Eve lifted her cup and drank the remaining coffee, while imagining the scene.  “So Mr. Harringshaw owes you his life?”

“We have never discussed it.  I doubt we ever shall.  But I felt it quite fitting that Mr. Harringshaw was dressed as the Count of Monte Cristo that evening.”  He took a sip of coffee.  “Perhaps you have heard that the Harringshaws are hosting another costumed ball on December 4
th
?  All of society will be there…and I, of course, will also be there.  Working.”

Eve looked at Patrick with speculation.  “Will you continue to follow…to observe me, Detective Sergeant Gantly?”

He gave her a shrewd, measured look.  “You are my assignment, Miss Kennedy.  As long as I am assigned, I will do my duty.”

“And if you are reassigned?” Eve asked, staring into her empty cup.  She was gently flirting, and enjoying herself, and she knew Detective Gantly knew.

The Detective’s voice dropped to a serious tone.  “Miss Kennedy, I have not been able to learn anything about you—where you came from, who your family is, nothing.”

She glanced away.

“I am very good at what I do, Miss Kennedy.  I have located some Kennedys here in the City and they have never heard of you.  I have checked past directories and government documents, including marriage licenses, and I have found nothing.  Absolutely nothing.  It is as if you don’t really exist and yet, here you are, sitting there across from me.  By the way, Miss Kennedy, are you married?”

She slanted a coy look at him.  “No, I am not.”

Eve was sure she saw his shoulders settle a bit.  He blinked twice and almost—that is almost—imperceptibly, smiled.

Patrick gave a quick firm nod and continued.  “I have made inquiries about you within various layers of society, both high and low, and no one—not one—knows of you or has had the whiff of a scent about you.  Now that, Miss Kennedy, is highly unusual and patently suspect.”

“Suspect?” Eve said, finally looking at him.  “I think I like the sound of that.  Why suspect?”

“Who are you, Miss Kennedy?” he said, directly.  “There is something about you that I cannot quite understand—no, that is not the word.  Not understand, apprehend.  Your walk is unusual, your language and patterns of speech are unique, and your overall manner is one I have never observed and, I can assure you, Miss Kennedy, I have observed many and various types of people from many walks of life and various lands.  You puzzle me, Miss Kennedy.  You intrigue me.  I may be bolder than I should be by saying this, but you fascinate me, and I am not easily fascinated.”
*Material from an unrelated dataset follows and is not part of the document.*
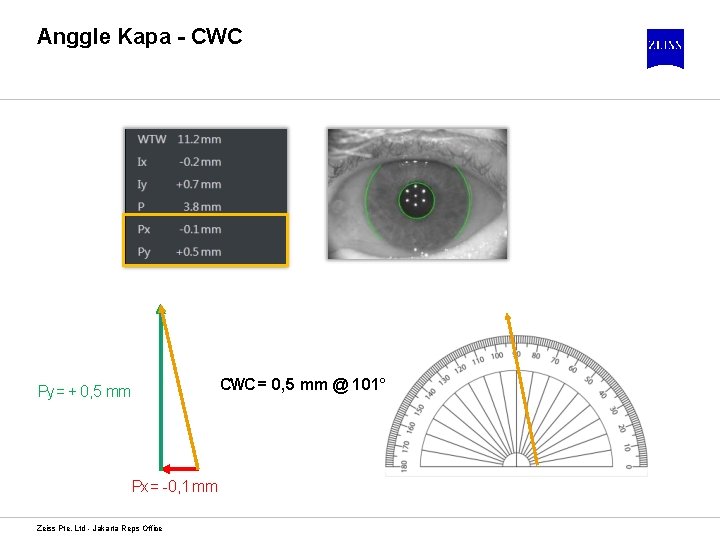 Anggle Kapa - CWC = 0, 5 mm @ 101° Py = + 0,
Detective Sergeant Gantly folded his hands on the table top and bored into her with his eyes.  “So who are you, Miss Eve Kennedy, if that is even your real name?”

Eve was rattled and astounded by his shrewd and swift observations.  Was she that transparent?  Was she still that different, despite her attempts to fit in? 

She shot up, hoping to throw him off with an expression of offense.  “Who I am is nobody’s business, Mr. Gantly or Detective Gantly or whatever name you’re supposed to be called.”